Below are records to print word for word; include none of their pictures.

◆ Items from a data source ◆
[Start of section]

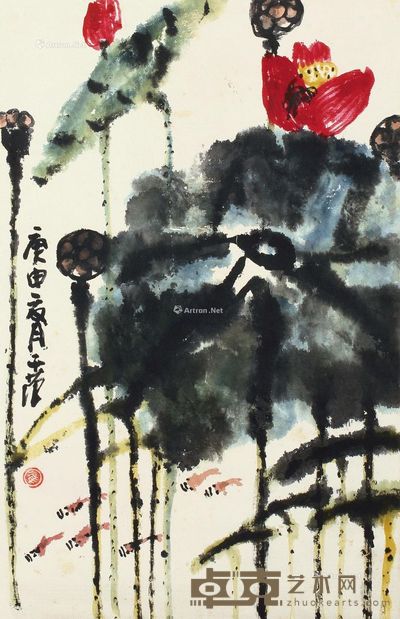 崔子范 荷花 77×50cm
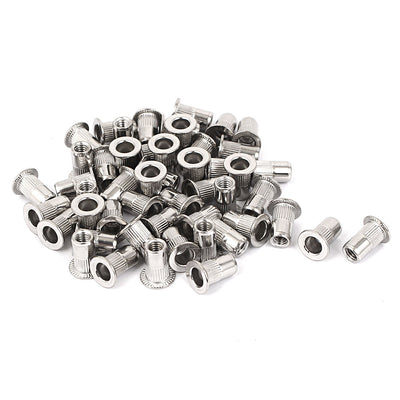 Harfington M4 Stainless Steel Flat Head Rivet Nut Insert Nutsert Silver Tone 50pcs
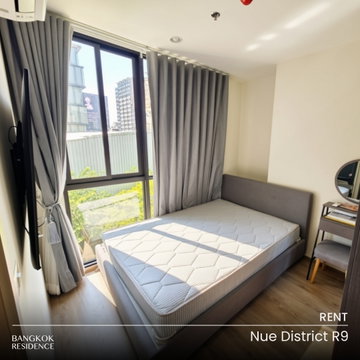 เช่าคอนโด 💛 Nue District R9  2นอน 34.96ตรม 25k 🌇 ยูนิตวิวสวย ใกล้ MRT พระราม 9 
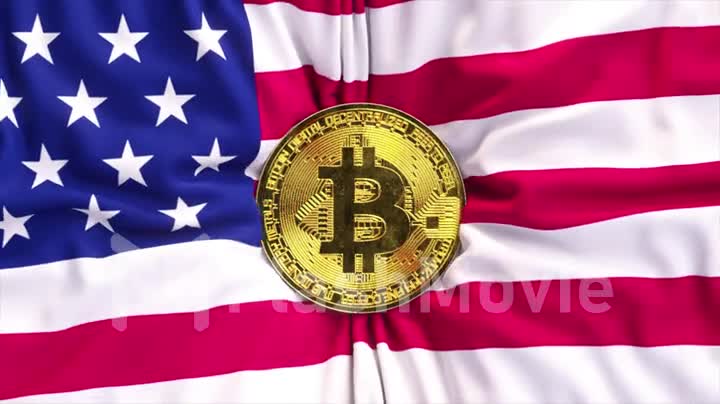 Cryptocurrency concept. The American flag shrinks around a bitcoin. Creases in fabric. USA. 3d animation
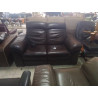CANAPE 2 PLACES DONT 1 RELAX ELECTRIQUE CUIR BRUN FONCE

[End of section]

◆ Response below ◆
 崔子范 荷花 77×50cm
 Harfington M4 Stainless Steel Flat Head Rivet Nut Insert Nutsert Silver Tone 50pcs
 เช่าคอนโด 💛 Nue District R9  2นอน 34.96ตรม 25k 🌇 ยูนิตวิวสวย ใกล้ MRT พระราม 9 
 Cryptocurrency concept. The American flag shrinks around a bitcoin. Creases in fabric. USA. 3d animation
CANAPE 2 PLACES DONT 1 RELAX ELECTRIQUE CUIR BRUN FONCE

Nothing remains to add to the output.